今朝、俺は「優先席」という言葉の意味を、もう一度叩き込まれた。
朝の通勤ラッシュ。ホームから押し流されるみたいに車内へ入って、気づいたら優先席の端に体が吸い寄せられていた。座るつもりなんてなかった。けど、足首が限界だった。昔の捻挫の古傷が、寒さと疲労で一気にぶり返して、立っているだけで足の裏から熱い針が突き上げてくる。息を整えるために、ほんの少しだけ腰を下ろした。たった二駅だけ。そう自分に言い聞かせて。
その瞬間だった。
目の前に立った女が、俺の顔を見下ろして言った。
「……え? なんでまだ座ってるの?」
声は大きくない。けど、刺さる言い方だった。周りに聞かせるためじゃなく、俺だけを狙って刺すための声。俺は反射的に足首を押さえたまま、低い声で返した。
「すみません、足……怪我してて」
彼女は鼻で笑った。

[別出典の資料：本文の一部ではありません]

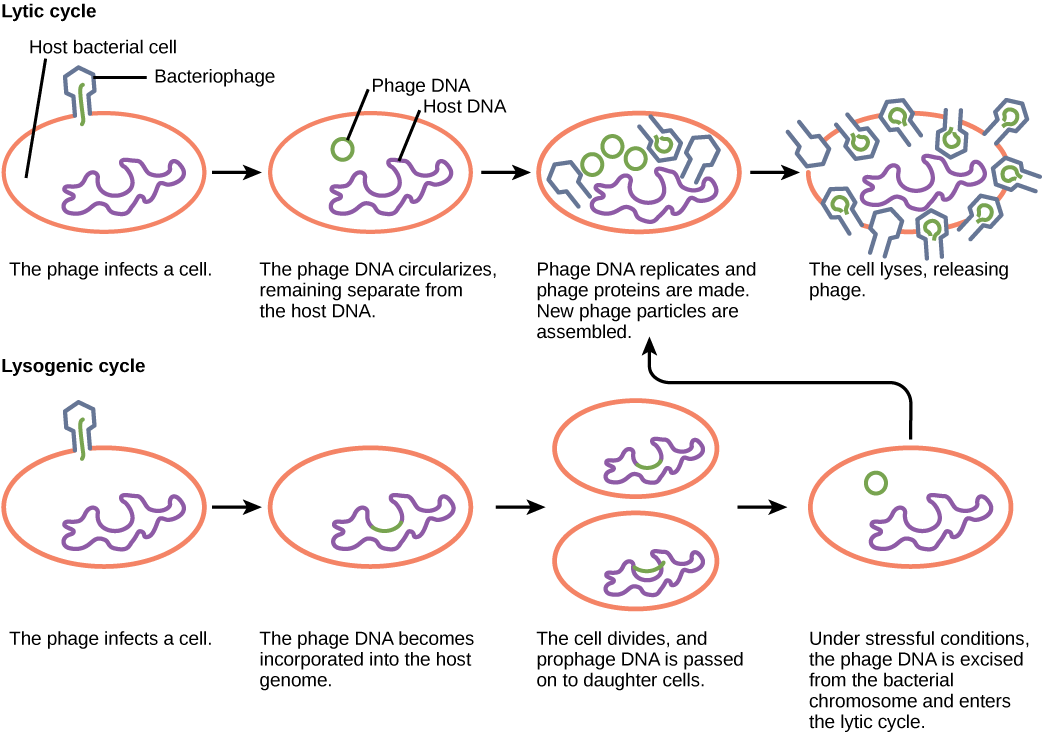 Le cycle lytique du bactériophage commence lorsque le phage se fixe à la cellule hôte par l'intermédiaire d'une fine tige. L'ADN linéaire de la tête virale est injecté dans la cellule hôte. L'ADN du phage circule et reste séparé de l'ADN de l'hôte. L'ADN du phage se réplique et de nouvelles protéines phagiques sont fabriquées. De nouvelles particules phagiques sont assemblées. La cellule se lyse, libérant le phage. Le cycle lysogénique du bactériophage commence de la même manière que le cycle lytique, le phage infectant une cellule hôte. Cependant, l'ADN du phage est incorporé dans le génome de l'hôte. La cellule se divise et l'ADN des phages est transmis aux cellules filles. Dans des conditions de stress, l'ADN du phage est excisé du chromosome bactérien et entre dans le cycle lytique.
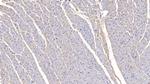 FSTL1 Antibody in Immunohistochemistry (Paraffin) (IHC (P))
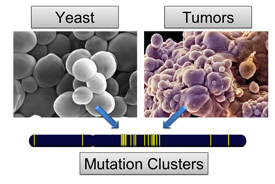Mutation clusters in the DNA of yeast and tumor cells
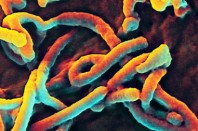 Virus Ebola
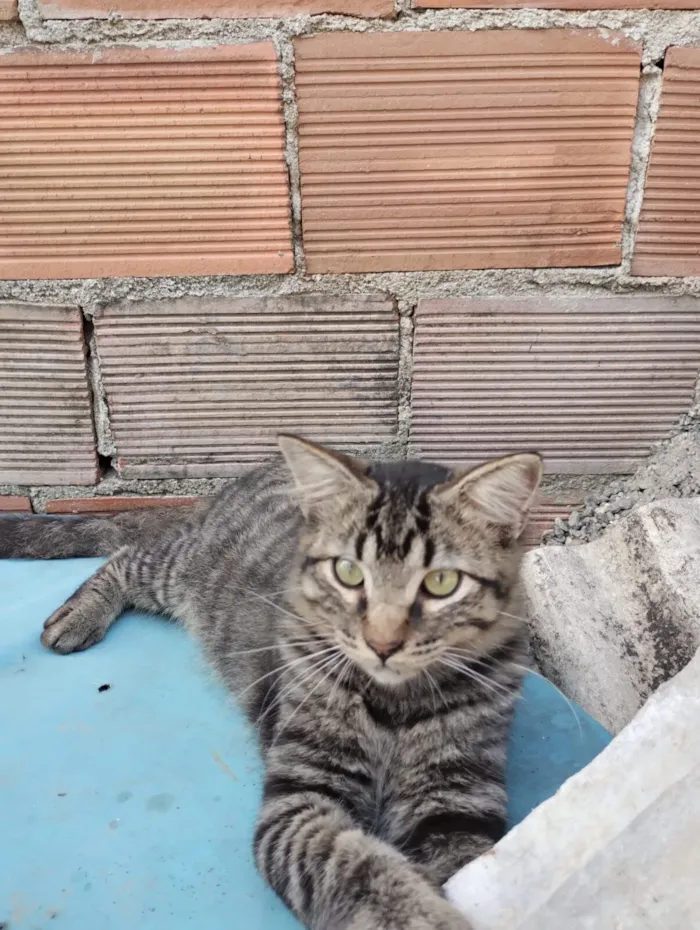 Gato raça SRD-ViraLata idade 2 a 6 meses nome Michel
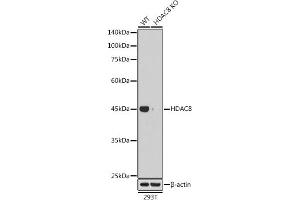 Western Blotting (WB) image for anti-Histone Deacetylase 8 (HDAC8) antibody (ABIN7267714)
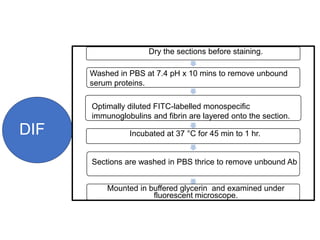 DIF
Dry the sections before staining.
Sections are washed in PBS thrice to remove unbound Ab
Mounted in buffered glycerin and examined under
fluorescent microscope.
Washed in PBS at 7.4 pH x 10 mins to remove unbound
serum proteins.
Optimally diluted FITC-labelled monospecific
immunoglobulins and fibrin are layered onto the section.
Incubated at 37 °C for 45 min to 1 hr.
 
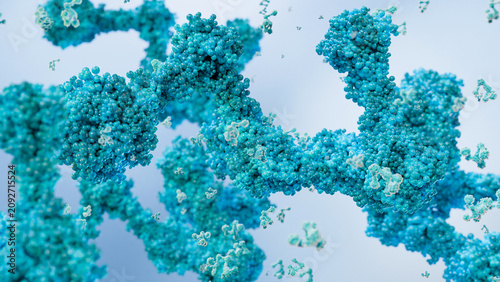 Bild auf Leinwand antibodies or immunoglobulin protein or enzyme Molecular structure, Chain of ami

薄い笑いで、空気を軽くするんじゃなく、俺の言葉を軽くした。
「誰が信じるの」
その一言で、車内の温度が変わった。視線が集まる。圧が来る。優先席ってだけで、勝手に“正解”が決まってる。俺が座ってるという事実だけで、俺は「悪」になれる。
隣の中年の男が、待ってましたみたいに口を挟んだ。
「若いのにさぁ、そういうのはやめなよ。みっともない」
みっともないのは、足じゃなくて俺の存在らしい。痛みより先に、恥が来た。耳が熱くなる。胸の奥がぎゅっと縮む。説明すればするほど、言い訳に見える。俺はその視線に耐えられなくて、歯を食いしばりながら立ち上がった。
「……どうぞ」
足首がズキンと鳴った。痛みで一瞬視界が白くなる。けど、立ち上がった俺に、彼女は礼も言わずに座った。座りながら小さく、聞こえるか聞こえないかの声で言った。
「やっとだよ。これくらい当たり前でしょ」
その瞬間、手が震えた。怒りというより、情けなさだった。「当たり前」の名札で、人の痛みを踏みつけられるのか。俺は黙って吊り革を握った。握る指先まで冷たかった。
さらに地獄は続く。
彼女はスマホを取り出して、こちらに向けた。レンズが俺を捉える角度。狙いがわかる。こいつ、撮る気だ。
「こういう人、いるんだよね。優先席に座って平気な顔してるやつ。晒した方がいいよね」
頭がカッと熱くなった。
けど、ここで声を荒げたら終わりだ。今の空気は、俺が少しでも強く出た瞬間に「逆ギレ」へ変換される。男が女に言い返す、それだけで悪役の完成だ。
だから、俺は吠えなかった。
ゆっくり、鞄から取り出した。折りたたんだ診断書。テーピングの痕が残るサポーター。見せびらかすためじゃない。言葉が通じない相手に、証拠だけを置くため。
「撮っていいですよ」
俺は淡々と言った。自分でも驚くほど声が落ち着いていた。
「でも、あなたが俺の顔を撮って拡散するなら、俺も警察に行きます。